Abstract

The primary objective of this study is to assess the performance of Saudi banks over a specified period, which is from 2015 to 2021. The chosen methodology for this analysis is panel data regression. Panel data combines cross-sectional and time-series data, making it suitable for examining trends and relationships over time among different entities (in this case, banks). The study uses annual financial data for the 10 selected banks over the seven-year period, from 2015 to 2021. The study finds a marginally negative association between COVID-19 and the performance indicators ROA and ROE. This suggests that the COVID-19 pandemic had a slightly adverse impact on the profitability and equity returns of the Saudi banks included in the analysis. The study employs a dummy variable, likely called "COVID," to account for the impact of the COVID-19 pandemic.
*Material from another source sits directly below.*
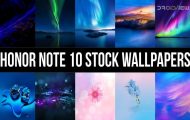 Honor Note 10 Stock Wallpapers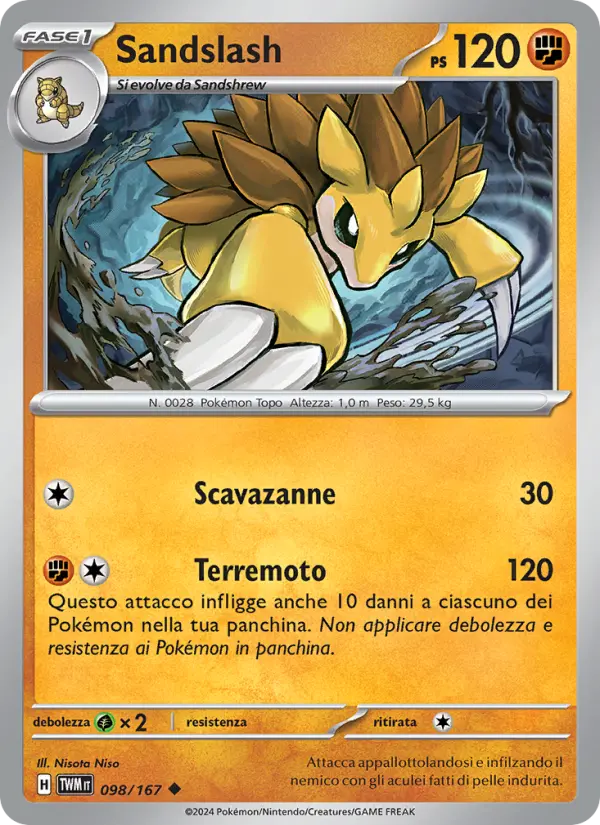Sandslash card image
The results indicate that there is a statistically significant but weakly negative association between return on equity (ROE) and credit risk (CR). The study finds that credit risk and liquidity risk are both insignificant when analyzing return on assets (ROA). These findings provide valuable insights into how external factors like a pandemic and internal factors like credit risk can affect the financial performance of banks. The study's results offer regulatory authorities in Saudi Arabia a valuable resource for making informed decisions regarding the financial performance and stability of the banking sector during a crisis. By incorporating these findings into their policies and oversight activities, regulatory bodies can contribute to a healthier and more robust banking system that benefits both the financial institutions and the broader economy.